Exhibition features artwork documenting American maritime legacy
George Gale: ‘A Sea-nurtured Artist’ – Through January 2020
NEW BEDFORD, Mass – A new exhibition at the New Bedford Whaling Museum highlights the whaling and maritime themes explored by artist George Albert Gale (1893-1951), one of the last important artists to document New Bedford’s whale fishery from firsthand observation. George Gale: ‘A Sea-nurtured Artist’ showcases artwork with elements of grace and subtlety of position; work that celebrates maritime skills and constitutes a lasting documentary of the legacy of maritime America. Some commenters on Gale’s work use the phrase “brute force,” to describe the vision reflected in his art. His dynamic images of whale ships and whaling scenes include detailed renderings of sailors at work in the rigging and at the try works, dolphins in the sea, views of ships, boats, and schooners, and thus provide a unique artistic insight into the failing days of the whaling industry. The Whaling Museum is located at 18 Johnny Cake Hill, New Bedford, Massachusetts. The exhibition is on view until January 2020.
George Gale: ‘A Sea-nurtured Artist,’ features etchings and watercolors from the collection of James Harvie of Topsham, Maine, who was a boyhood neighbor, friend, and admirer of Gale when they both lived in Barrington, Rhode Island. Objects from the Whaling Museum collection augment the artworks.
Gale entered the Rhode Island School of Design in 1919, where he studied oil painting, watercolor, and etching. He achieved his greatest success as a marine artist through his etchings. The medium enabled him to build near-photographic verisimilitude with all the drama and intensity inherent in his subjects. His own experiences and an extraordinary level of documentary research gave him a detailed understanding of New Bedford’s maritime culture in the early 1920s: details that emerged fully integrated into his formal works, and their lineage can be traced through his sketches.
Born in Bristol, Rhode Island, Gale went to sea in 1914. He sailed on square-riggers, worked at the Herreshoff yacht yard, and sailed onboard the schooner Coral of New Bedford on a coastal voyage. He worked on the ferry between Bristol and Portsmouth, Rhode Island before the Mount Hope Bridge was built in 1929. During the First World War he served as quartermaster on the transport SS Hawaiian in convoy and watched as the ship New Sweden was torpedoed off Alboran Island in the Mediterranean Sea. Two of his personal journals from this period, held in the Whaling Museum library, clearly demonstrate his extensive experience as a deep-sea sailor, his sense of humor, and acuity for nautical details. Elements from these sketches, or sometimes even the main subjects of the sketches themselves, turned up years later in his more formal works.

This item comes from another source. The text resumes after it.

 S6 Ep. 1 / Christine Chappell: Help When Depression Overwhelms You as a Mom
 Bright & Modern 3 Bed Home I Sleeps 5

About the New Bedford Whaling Museum
The New Bedford Whaling Museum is the world's most comprehensive museum devoted to the global story of human interaction with whales through time, and the history and culture of the South Coast region. The cornerstone of New Bedford Whaling National Historical Park, the Museum is located at 18 Johnny Cake Hill in the heart of the city's historic downtown. Museum hours: January through March, Tuesday – Saturday 9 a.m. – 4 p.m. and Sunday 11 a.m. – 4 p.m.; April through December, daily from 9 a.m. to 5 p.m. The Museum is open until 8 p.m. every second Thursday of the month. Closed on Thanksgiving, Christmas and New Year’s Day. Admission is: Free for Museum members and children aged three and under; adults $17, seniors (65+) $15, students (19+) $10, child and youth $7. For more information, visit www.whalingmuseum.org.
Media and Images Contact:
Director of Marketing and Public Relations
New Bedford Whaling Museum
HIGH RESOLUTION VERSION OF THE IMAGE BELOW IS AVAILABLE UPON REQUEST.
Caption: George Albert Gale, Discharging the Oil, undated. Etching on paper, numbered “12”
Combining Gale’s three favorite themes, nautical New Bedford, whaling, and horses, Discharging the Oil offers a superb glimpse into the mind and perceptions of its maker. Few such images exist of the process by which the large casks of oil, some as large as 200 gallons and weighing one ton, were raised from the hold of the ship and deposited onto the wharves.